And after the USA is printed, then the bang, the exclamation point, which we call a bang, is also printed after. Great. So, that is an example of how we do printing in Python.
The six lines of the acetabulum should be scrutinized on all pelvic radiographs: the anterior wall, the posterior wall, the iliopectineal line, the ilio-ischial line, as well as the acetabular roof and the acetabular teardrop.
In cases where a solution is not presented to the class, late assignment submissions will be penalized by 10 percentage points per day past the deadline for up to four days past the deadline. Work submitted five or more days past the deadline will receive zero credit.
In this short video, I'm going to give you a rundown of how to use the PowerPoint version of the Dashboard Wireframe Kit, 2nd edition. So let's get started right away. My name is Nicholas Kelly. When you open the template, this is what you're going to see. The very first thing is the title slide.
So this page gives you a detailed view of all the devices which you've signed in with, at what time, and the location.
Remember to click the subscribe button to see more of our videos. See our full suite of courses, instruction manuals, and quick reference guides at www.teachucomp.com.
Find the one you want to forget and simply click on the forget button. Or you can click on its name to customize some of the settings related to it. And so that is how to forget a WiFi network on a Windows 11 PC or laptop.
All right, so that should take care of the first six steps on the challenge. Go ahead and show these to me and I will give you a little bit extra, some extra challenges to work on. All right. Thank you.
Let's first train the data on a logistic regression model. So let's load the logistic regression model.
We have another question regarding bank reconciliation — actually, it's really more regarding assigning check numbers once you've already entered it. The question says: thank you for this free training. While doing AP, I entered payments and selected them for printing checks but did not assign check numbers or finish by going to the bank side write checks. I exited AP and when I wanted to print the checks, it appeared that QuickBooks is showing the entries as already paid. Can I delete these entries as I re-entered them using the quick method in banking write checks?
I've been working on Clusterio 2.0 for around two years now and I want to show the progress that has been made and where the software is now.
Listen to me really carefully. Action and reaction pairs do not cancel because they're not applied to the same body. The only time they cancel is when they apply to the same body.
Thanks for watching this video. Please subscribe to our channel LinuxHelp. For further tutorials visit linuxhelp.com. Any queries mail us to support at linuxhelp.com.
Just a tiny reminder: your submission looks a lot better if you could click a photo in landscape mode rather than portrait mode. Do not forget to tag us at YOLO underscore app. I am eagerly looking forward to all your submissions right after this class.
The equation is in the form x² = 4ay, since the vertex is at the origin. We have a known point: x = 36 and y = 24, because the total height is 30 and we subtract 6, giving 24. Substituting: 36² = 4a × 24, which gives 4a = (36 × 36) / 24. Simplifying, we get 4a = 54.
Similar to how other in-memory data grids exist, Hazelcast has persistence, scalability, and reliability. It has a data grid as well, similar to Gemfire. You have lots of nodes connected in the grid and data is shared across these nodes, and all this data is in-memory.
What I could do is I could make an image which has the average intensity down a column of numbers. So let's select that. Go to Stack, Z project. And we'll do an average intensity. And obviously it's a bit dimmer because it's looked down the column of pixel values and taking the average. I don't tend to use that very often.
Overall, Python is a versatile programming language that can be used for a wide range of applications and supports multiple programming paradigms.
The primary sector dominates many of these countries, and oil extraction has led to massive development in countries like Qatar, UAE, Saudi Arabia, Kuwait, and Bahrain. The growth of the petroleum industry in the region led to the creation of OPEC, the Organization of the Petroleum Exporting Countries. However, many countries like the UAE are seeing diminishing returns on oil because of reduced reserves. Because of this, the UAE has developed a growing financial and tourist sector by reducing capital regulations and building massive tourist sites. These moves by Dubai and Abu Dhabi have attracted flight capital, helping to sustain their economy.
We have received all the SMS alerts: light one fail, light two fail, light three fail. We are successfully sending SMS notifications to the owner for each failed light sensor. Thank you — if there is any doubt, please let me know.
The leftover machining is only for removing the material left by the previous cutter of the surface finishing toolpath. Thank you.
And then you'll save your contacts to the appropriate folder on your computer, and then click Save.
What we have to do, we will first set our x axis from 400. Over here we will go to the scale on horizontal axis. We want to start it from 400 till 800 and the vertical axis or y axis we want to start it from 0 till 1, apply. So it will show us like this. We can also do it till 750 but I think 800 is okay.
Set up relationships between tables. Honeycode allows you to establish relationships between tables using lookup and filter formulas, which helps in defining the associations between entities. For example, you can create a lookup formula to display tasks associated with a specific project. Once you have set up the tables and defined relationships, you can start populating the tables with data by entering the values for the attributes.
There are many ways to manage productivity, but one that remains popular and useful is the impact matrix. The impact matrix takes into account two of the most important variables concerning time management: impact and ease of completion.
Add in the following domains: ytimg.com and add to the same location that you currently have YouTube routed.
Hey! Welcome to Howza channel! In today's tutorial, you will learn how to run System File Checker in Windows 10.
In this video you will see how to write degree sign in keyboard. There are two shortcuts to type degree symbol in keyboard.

= PROBLEM REQUIREMENTS =
Return only the number of lines in the data that hold the string "location".

= SOLUTION =
2